Ohio Secretary of State Jon Husted believes the General Assembly needs to enact some election-related laws "before the next big election."
Husted is seeking changes that would allow voters to register to vote online and obtain absentee ballots through their computers. He also wants all county boards of elections to have the same hours of operations, and for updates to be made to Ohio's provisional ballot voting process.
Husted also is pushing lawmakers to reform how redistricting is done in the state.
"There's a timing issue on this, because there's voting going on all the time in Ohio," he said. "This just doesn't need to be done for the presidential election. It needs to be done now, so we can run these elections efficiently and effectively.
"On the technology front, just because the General Assembly passes a law doesn't mean I just flip a switch and it all works," he continued. "It requires a lot of work. The sooner they give me the authority, the sooner I can get this in place and I can test it to make sure it works for the next big election."
The closer the state gets to the next "big election" - whether it be next year's gubernatorial race or the 2016 presidential election - the more controversy any reforms are likely to cause, Husted believes. And he said changes to how Ohio officials conduct redistricting must be enacted before district lines are redrawn after the 2020 election.

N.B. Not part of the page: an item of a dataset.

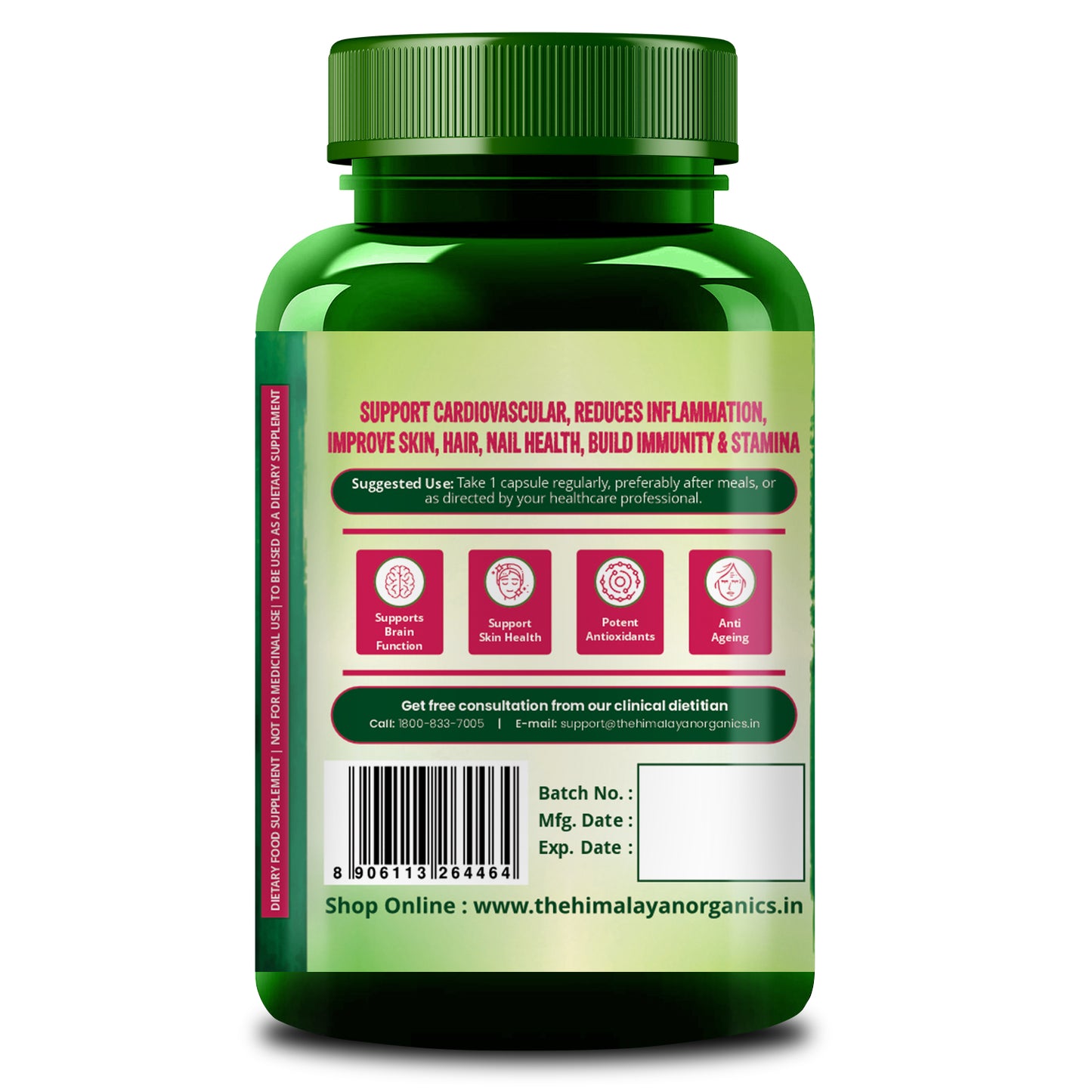 Vlado's HImalayan Organics Resveratrol 255mg with Grape Seed Extract Supplement | Support Heart And Skin Health | Powerful Anti-oxidant for Anti-Ageing - 60 Veg Capsules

Husted added there is legislation before the General Assembly - based on measures he proposed when a member - that would change the redistricting process.
"I would like to take the partisan aspect of drawing the districts out - make it a bipartisan process," he said.
Husted proposes a seven-member redistricting board, comprised of the governor, auditor and secretary of state, along with two Democratic members of the legislature and two Republican members. A five-vote supermajority vote would be needed to approve any redistricting map, including at least one vote from the minority party.
The maps would not be permitted to break up any counties to form congressional or legislative districts.
"That doesn't mean we will have 16 competitive congressional districts in Ohio ... ," Husted said, acknowledging Ohio could lose two of its current 18 congressional seats after 2020. "In the end, you'll have some Republican districts, some Democratic districts and some swing districts. That will be more reflective of how people live in Ohio, how people see things. We'll have a better chance of sending a delegation to Washington that is focused on solving problems and not just focused on winning elections."